**Assignment**
Each line below is to be repeated exactly; any picture is to be left out.

**Collected data**
###
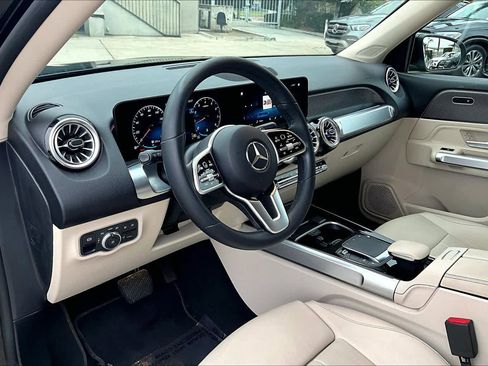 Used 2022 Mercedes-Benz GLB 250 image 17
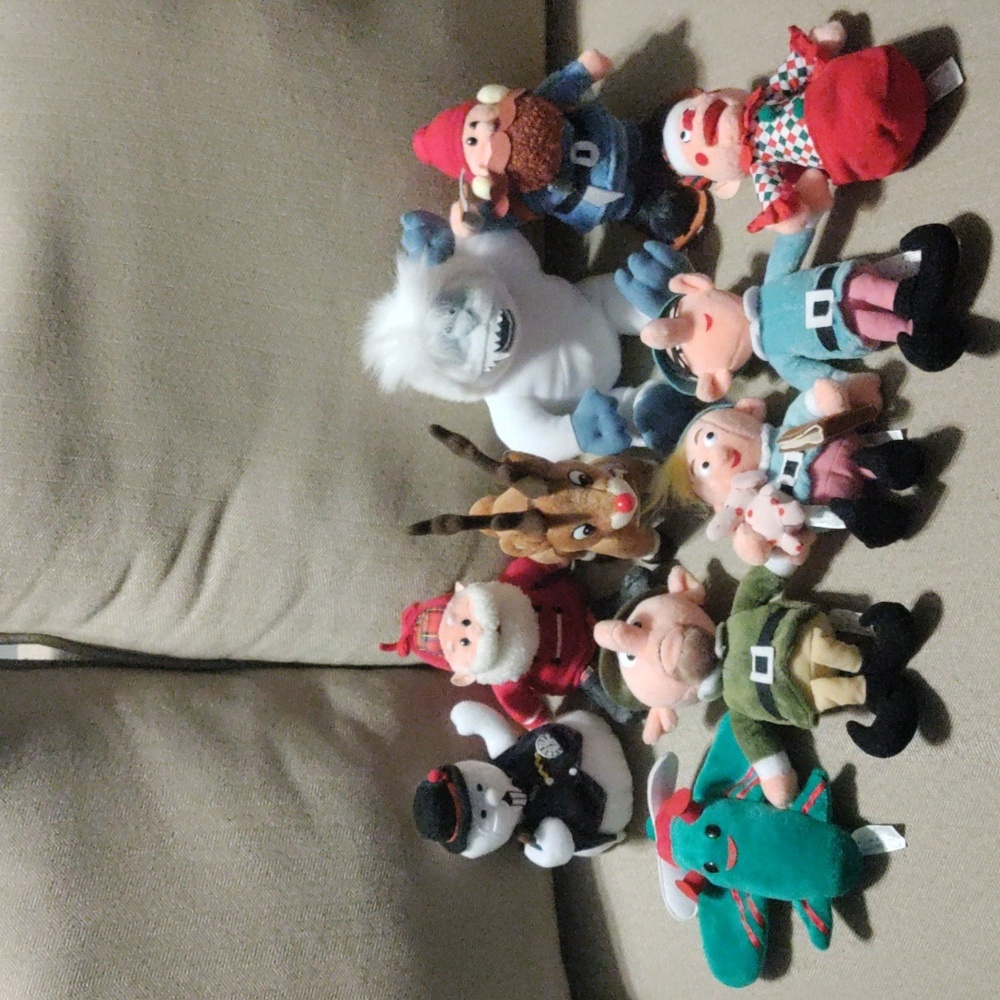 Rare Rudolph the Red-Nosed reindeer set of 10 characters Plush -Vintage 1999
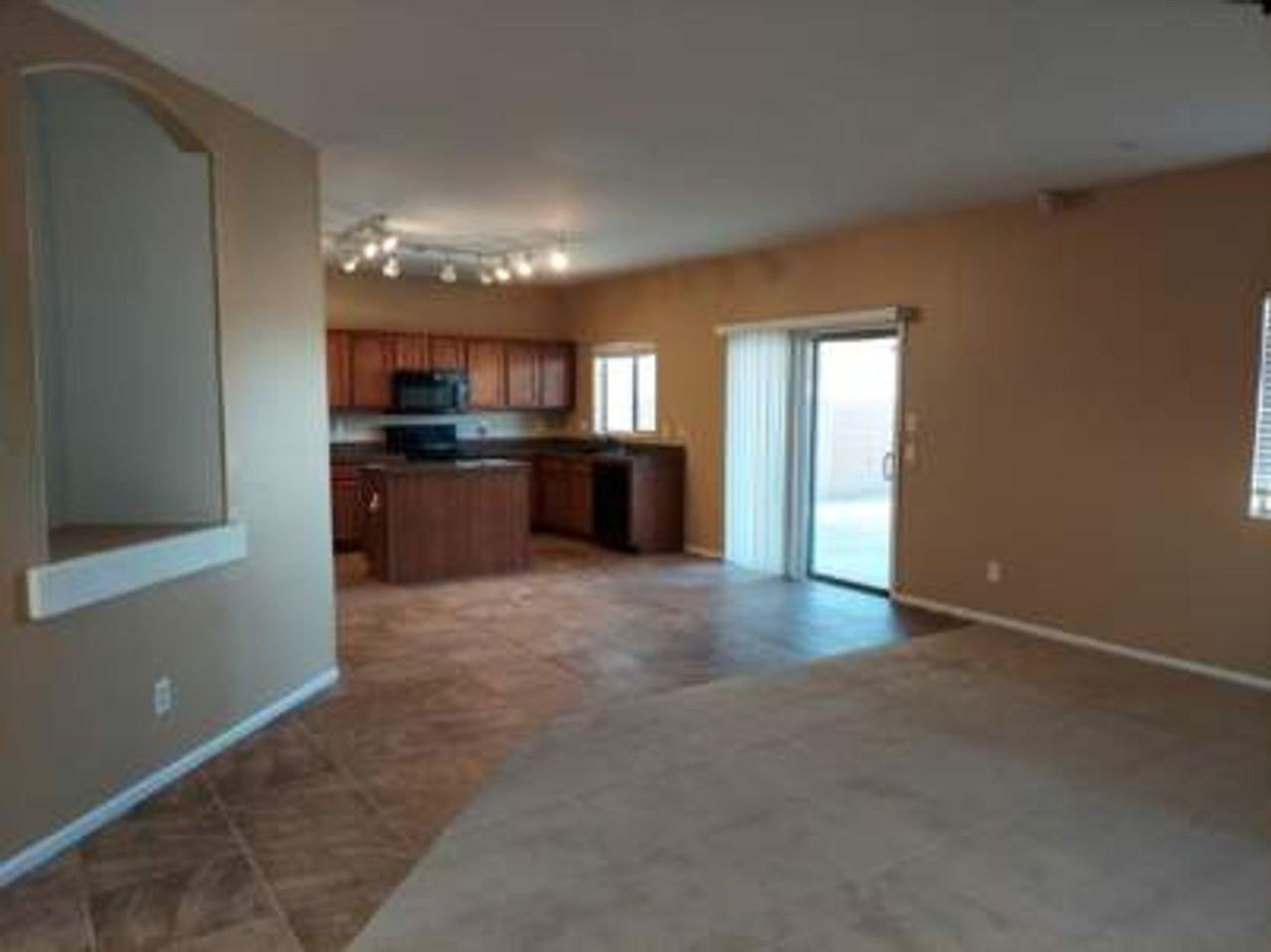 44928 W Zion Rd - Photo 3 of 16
###
**Your solution**
 Used 2022 Mercedes-Benz GLB 250 image 17
 Rare Rudolph the Red-Nosed reindeer set of 10 characters Plush -Vintage 1999
 44928 W Zion Rd - Photo 3 of 16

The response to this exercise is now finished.